Regisseur Paul Vermeulen Windsant heeft zich bescheiden getoond. Het libretto gaf hem ook weinig ruimte. De woorden van verteller Carel Alphenaar zijn zo uitleggerig dat het bijna regie-aanwijzingen worden. Alphenaar beklemtoont - in opdracht van Boehmer - het zinsaccent sterk, waardoor hij een karikatuur wordt van een verteller. Er was slechts een tikje meer drama nodig geweest om hem vrijwel overbodig te maken.
 
De muziek - onder de degelijke leiding van Lucas Vis - is fragmentarisch, met snelle maar niet altijd logische wisselingen in sfeer en instrumentatie, om de aandacht op de personages te vestigen, een soort 20ste-eeuwse variant van het aloude leidmotief. Boehmer is op zijn best wanneer hij bekende melodiën in zijn compositie verwerkt, bijvoorbeeld een wrang slotakkoord bij iets wat lijkt op het Wilhelmus. De koraal van de steeds hoger uitkomende Karel van de Gracht, compleet met trombones en trompetten, ontlokte aan het publiek zelfs een applausje. Deze scène, waarin de kinderen voor meester Pennewil hun gedicht opzeggen, is de sterkste van de opera. Muzikaal gevarieerd, levendig en geestig in de dialoog tussen de kinderen en Pennewip.
 
De andere scènes zijn statischer en het karikaturale gaat vervelen. Geen van de personages komt echt tot leven. Ook Wouters karakter, in al zijn vaagheid goed vertolkt door Bert Luttjeboer, blijft onduidelijk. Is hij een pesterig betwetertje, een sullige meeloper of een dweperige dromer? Het past wellicht in een door Boehmer bedoelde Brechtiaanse traditie om de toeschouwer geen kans te geven zich in te leven, maar op den duur werkt dat vermoeiend.

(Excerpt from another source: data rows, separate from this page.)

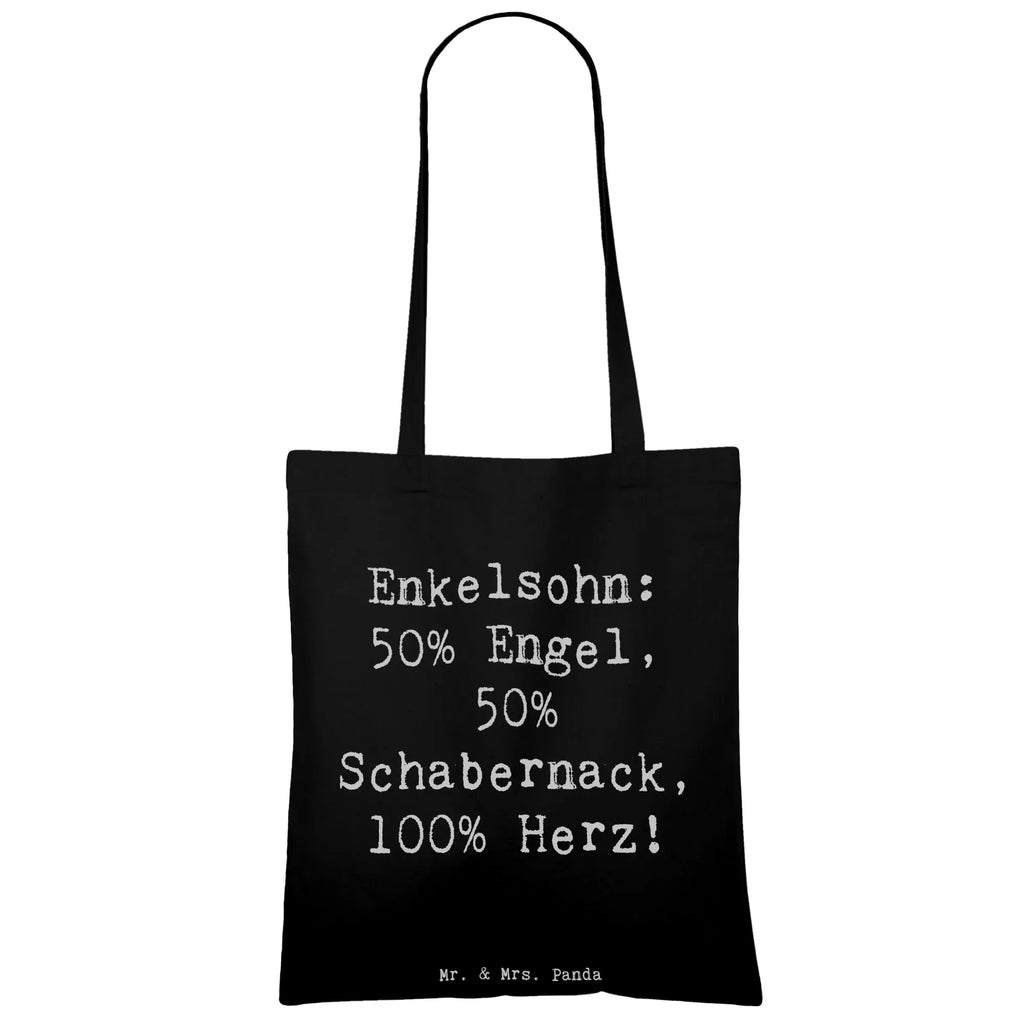 Tragetasche Spruch Enkelsohn Herz Stoffbeutel, Badetasche, Shopper, Jutetasche, Tragetasche, Jutebeutel, Schultertasche, Stofftasche, Beuteltasche, Strandtasche, Laptoptasche, Einkaufstasche, Einkaufstüte, Umhängetasche, Tasche, Beutel, Familie, Vatertag, Muttertag, Bruder, Schwester, Mama, Papa, Oma, Opa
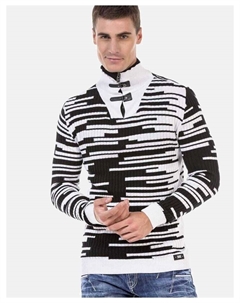 Пуловер Pullover, цвет WHITE-BLACK Cipo&baxx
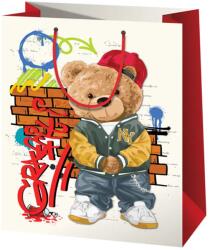 Cardex Sapkás maci nagy méretű ajándéktáska 27x14x33cm (48381) - jatekshop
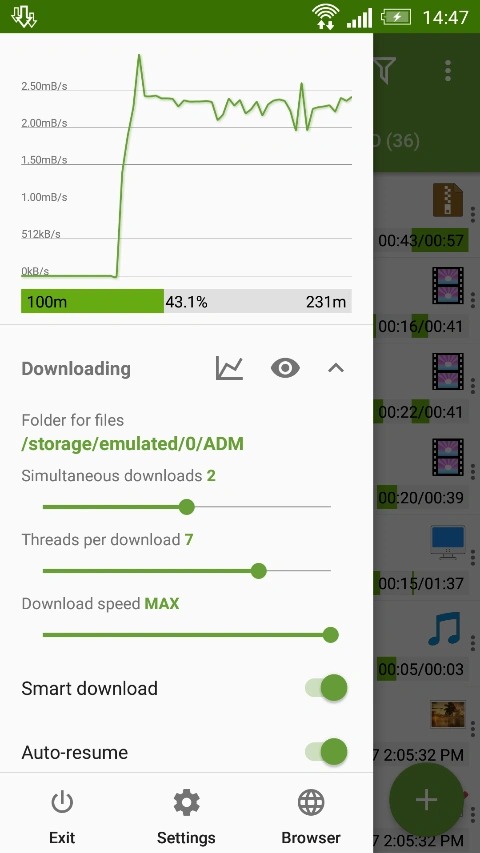 how to use advanced download manager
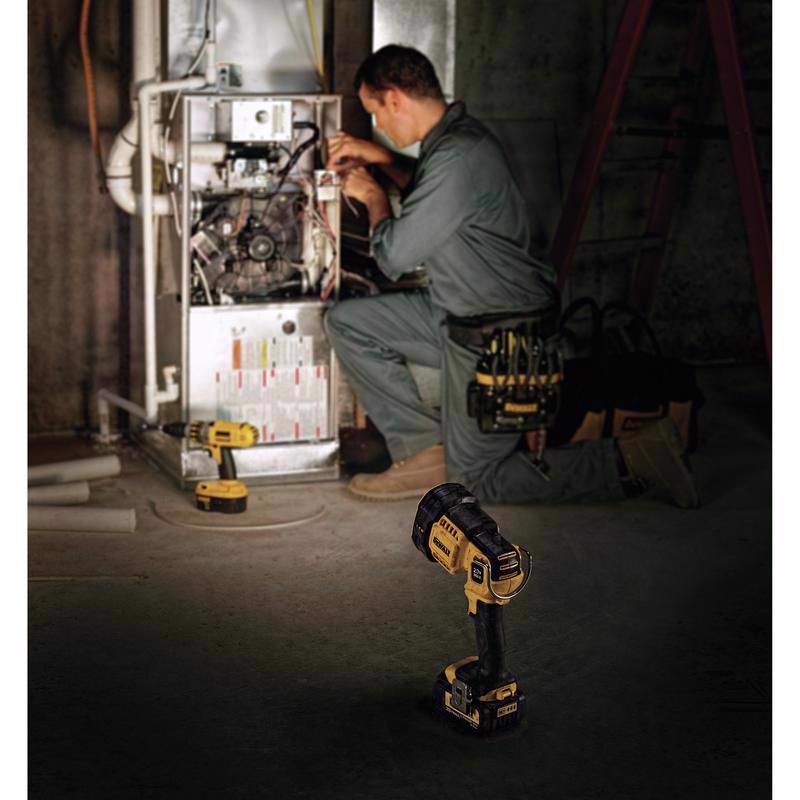 DeWalt 20V MAX 1500 lm Black/Yellow LED Jobsite Spotlight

Zelfs als de types ijzersterk zijn, zoals de overtuigende dubbelrol van Charles van Tassel als dominee en met name als pa Kopperlith, Marianne Blok als de volkse juffrouw Pieterse en Karstien Hovingh als de benepen juffrouw Laps.
 
Die afstand wordt nog eens versterkt doordat er, met name in het eerste bedrijf voortdurend op een geëxalteerde, schreeuwerige manier wordt gezongen, of gesproken. De eerste scène van het tweede bedrijf was daardoor zonder tekstboek niet te volgen. Hier moest men het doen met kennis van Multatuli's verhaal of, als in een traditionele opera, met de sfeer die sprak uit de muziek. Maar Boehmer houdt niet van traditionele opera. Hij moet ook niets hebben van het ouderwetse belcanto. Jammer, dacht ik af en toe. Wouters laatste woorden, 'want de wraak is de taak', zouden er zeker niet minder overtuigend door zijn geworden.